S. Jack HINTON et al., Appellants, v. Stewart L. UDALL, Individually and as Secretary of the Interior, et al., Appellees.
    No. 19671.
    United States Court of Appeals District of Columbia Circuit.
    Argued Feb. 17, 1966.
    Decided June 27, 1966.
    Petition for Rehearing Denied Aug. 15, 1966.
    Certiorari Denied Oct. 10, 1966.
    See 87 S.Ct. 159.
    
      Mr. Rex E. Lee, Phoenix, Ariz., with whom Messrs. Ozell M. Trask, Phoenix, Ariz., and William E. Rollow, Washington, D. C., wpre on the brief, for appellants Hinton et al.
    Mr. Dale R. Shumway, Phoenix, Ariz., of the bar of the Supreme Court of Arizona, pro hac vice, by special leave of court, with whom Mr. Darrell F. Smith, Mesa, Ariz., was on the brief, for appellant State of Arizona.
    Mr. Raymond N. Zagone, Attorney, Department of Justice, with whom Messrs. Roger P. Marquis and Floyd L. France, Attorneys, Department of Justice, were on the brief, for appellees Udall et al.
    Mr. Arthur Lazarus, Jr., Washington, D. C., for appellee, San Carlos Apache Tribe of Indians.
    Before Danaher, McGowan and Leventhal, Circuit Judges.
   LEVENTHAL, Circuit Judge.

In this action, appellants sought to enjoin the Secretary of the Interior from restoring surface or subsurface rights in certain lands in Arizona to the San Carlos Apache Tribe of Indians (hereafter “Indians” or “Tribe”), and further sought a declaratory judgment that the Secretary’s restoration of subsurface rights to the Tribe, subject to existing rights, is illegal.
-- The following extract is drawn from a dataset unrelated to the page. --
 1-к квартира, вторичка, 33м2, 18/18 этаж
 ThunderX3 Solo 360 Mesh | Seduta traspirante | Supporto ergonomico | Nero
The lands involved were part of the San Carlos Reservation, which was created by executive order in 1872. By an 1896 agreement between the Indians of the reservation and the Government, the Indians ceded an area of approximately 232,000 acres, known as the “Mineral Strip,” to the United States; in return the United States agreed to place in the Treasury, for the benefit of the Indians, “the net proceeds accruing from the disposal of such coal and mineral lands.” In the statute approving the agreement, Congress expressly provided that “the lands so surrendered shall be open to occupation, location, and purchase, under the provisions of the mineral-land laws only.”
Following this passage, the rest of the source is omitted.